* PROVIDED DATA *
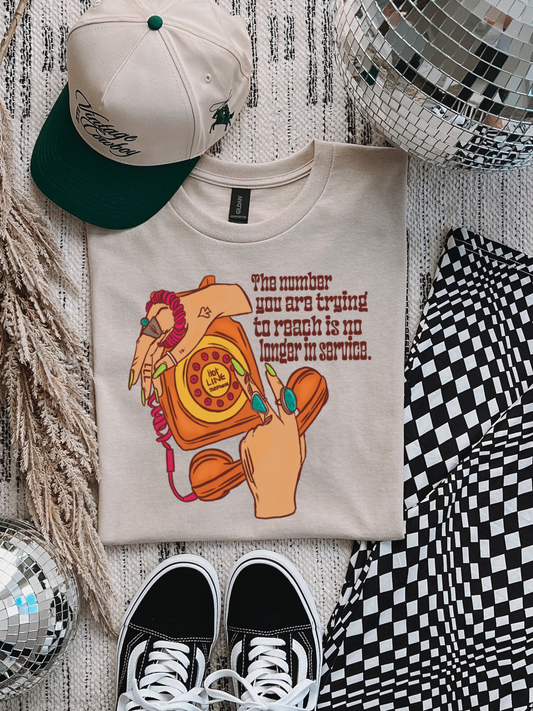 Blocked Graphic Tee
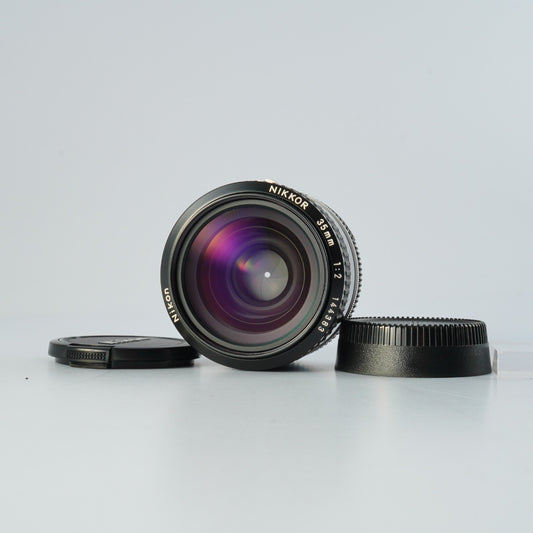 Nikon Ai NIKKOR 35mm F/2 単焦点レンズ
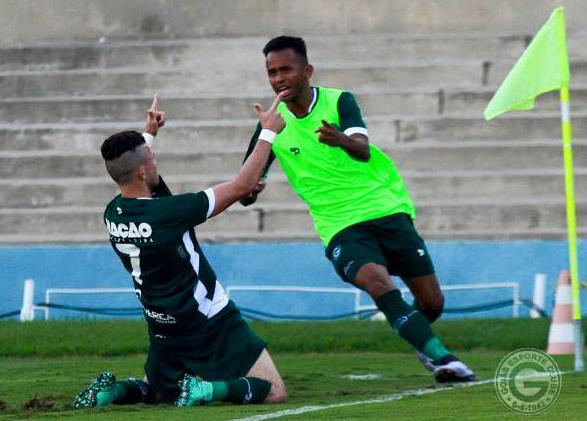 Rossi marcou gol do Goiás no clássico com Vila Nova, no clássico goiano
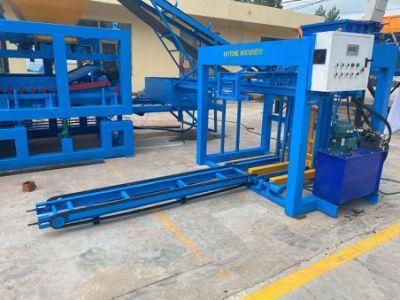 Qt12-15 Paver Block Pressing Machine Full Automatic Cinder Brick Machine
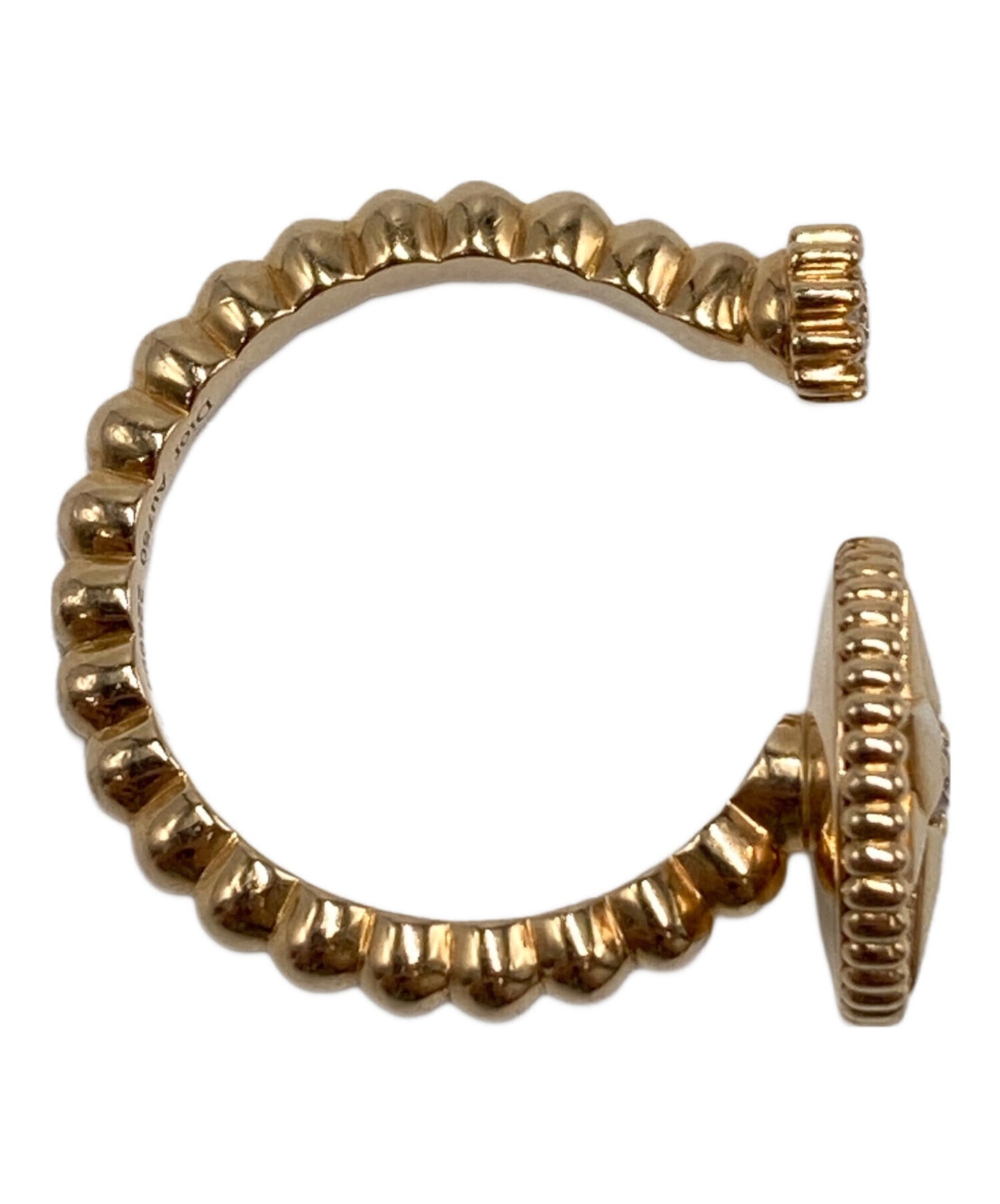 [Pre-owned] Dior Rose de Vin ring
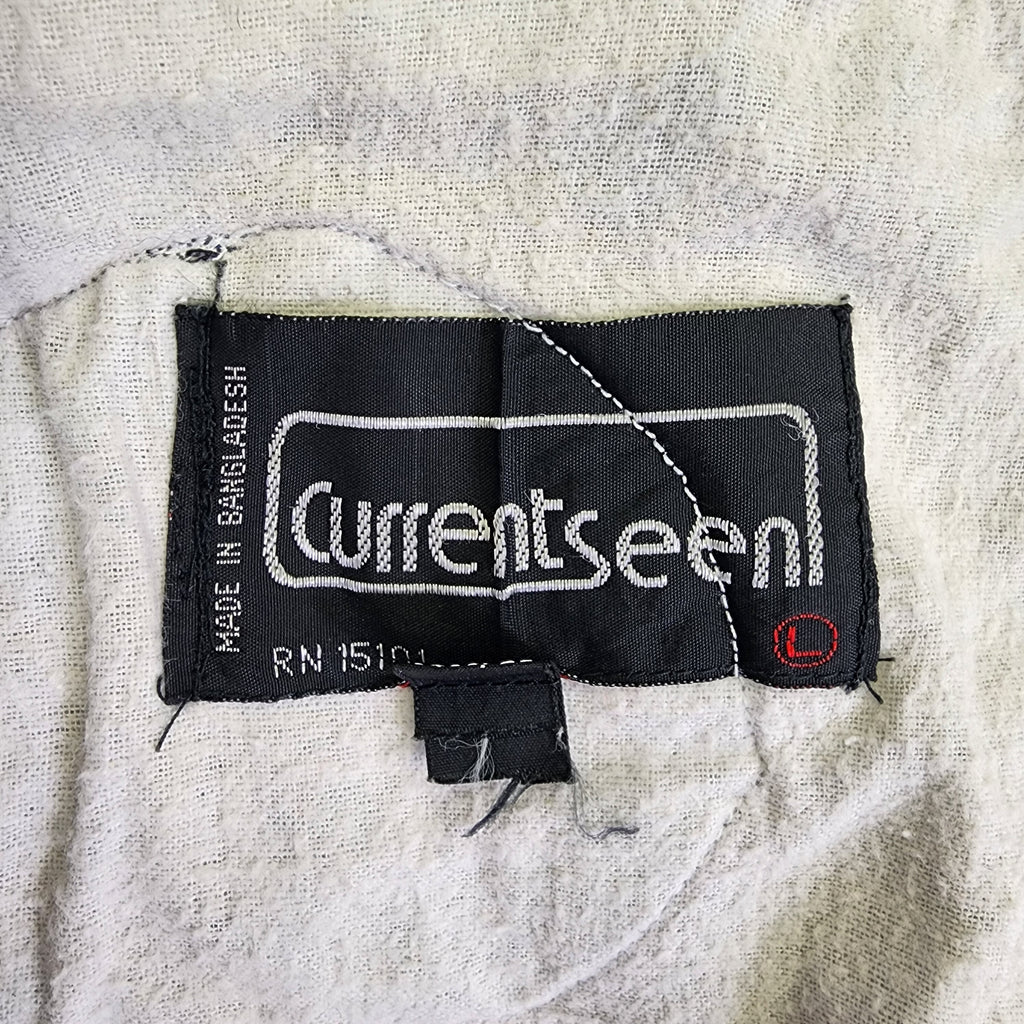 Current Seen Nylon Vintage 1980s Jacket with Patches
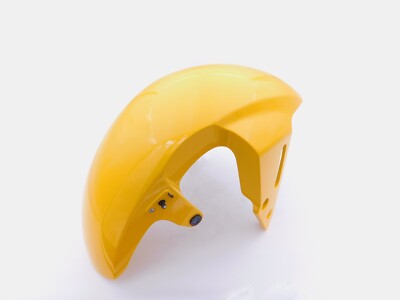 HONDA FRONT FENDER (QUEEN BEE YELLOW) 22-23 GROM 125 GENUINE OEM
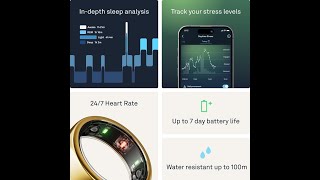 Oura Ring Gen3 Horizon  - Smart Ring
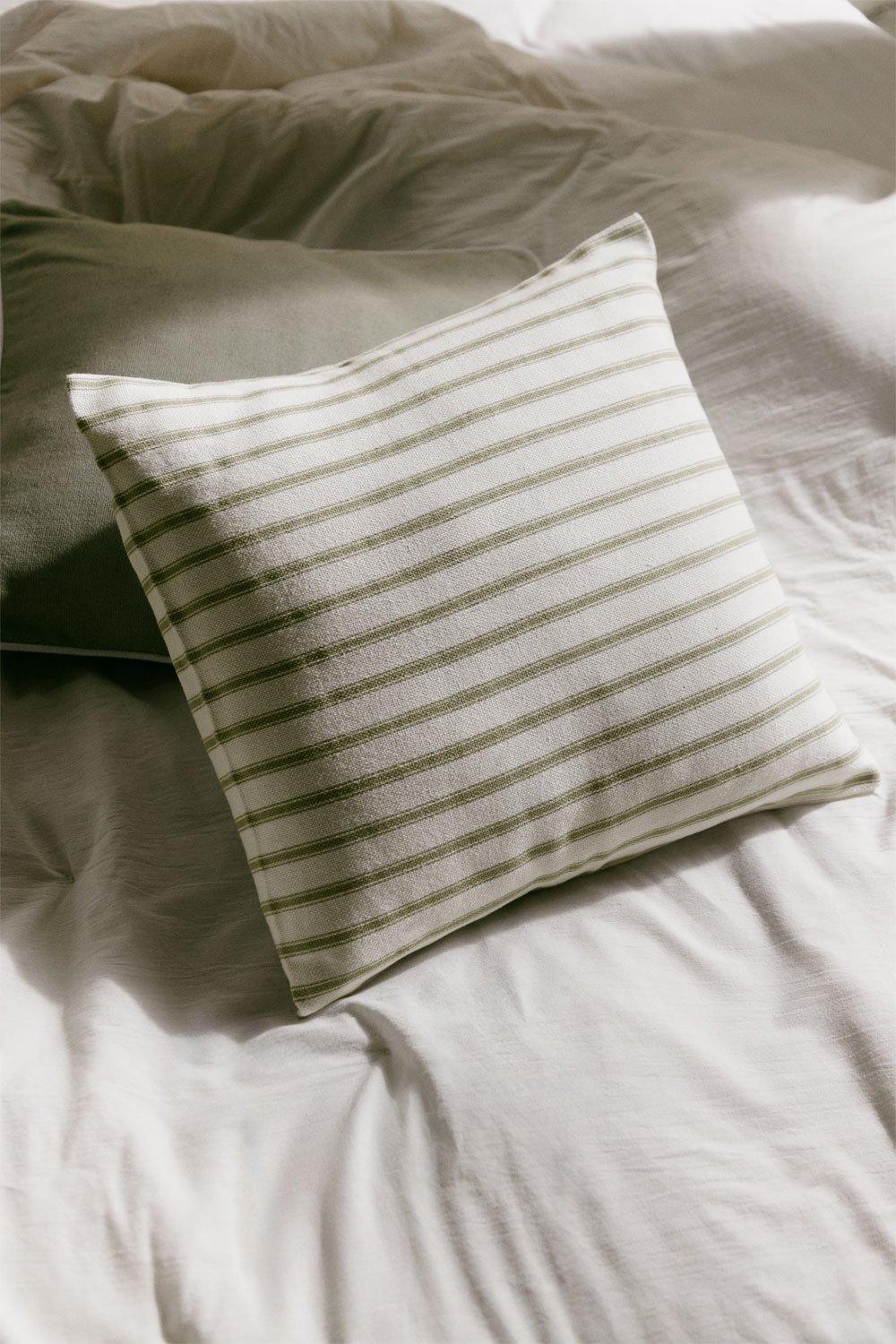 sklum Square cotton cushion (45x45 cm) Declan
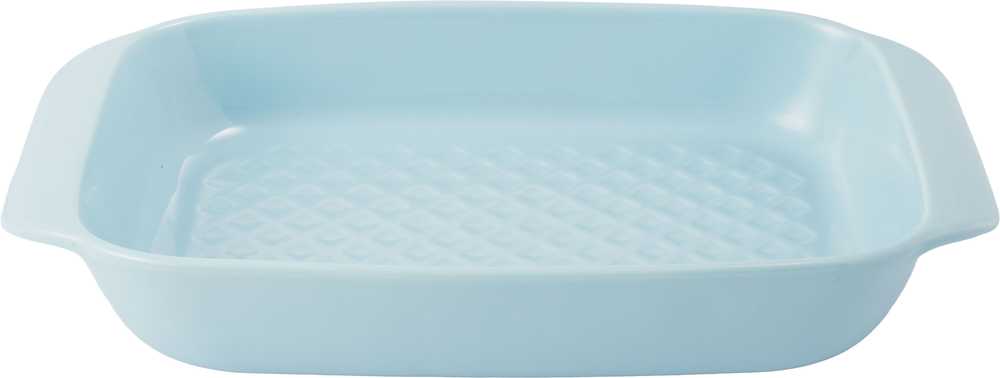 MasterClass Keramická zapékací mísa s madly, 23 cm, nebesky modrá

* DIRECTIONS *
Keep every word of the lines above unchanged in the copy, and omit the pictures.

* TASK ANSWER *
 Blocked Graphic Tee
 Nikon Ai NIKKOR 35mm F/2 単焦点レンズ
 Rossi marcou gol do Goiás no clássico com Vila Nova, no clássico goiano
 Qt12-15 Paver Block Pressing Machine Full Automatic Cinder Brick Machine
 [Pre-owned] Dior Rose de Vin ring
 Current Seen Nylon Vintage 1980s Jacket with Patches
 HONDA FRONT FENDER (QUEEN BEE YELLOW) 22-23 GROM 125 GENUINE OEM
 Oura Ring Gen3 Horizon  - Smart Ring
 sklum Square cotton cushion (45x45 cm) Declan
 MasterClass Keramická zapékací mísa s madly, 23 cm, nebesky modrá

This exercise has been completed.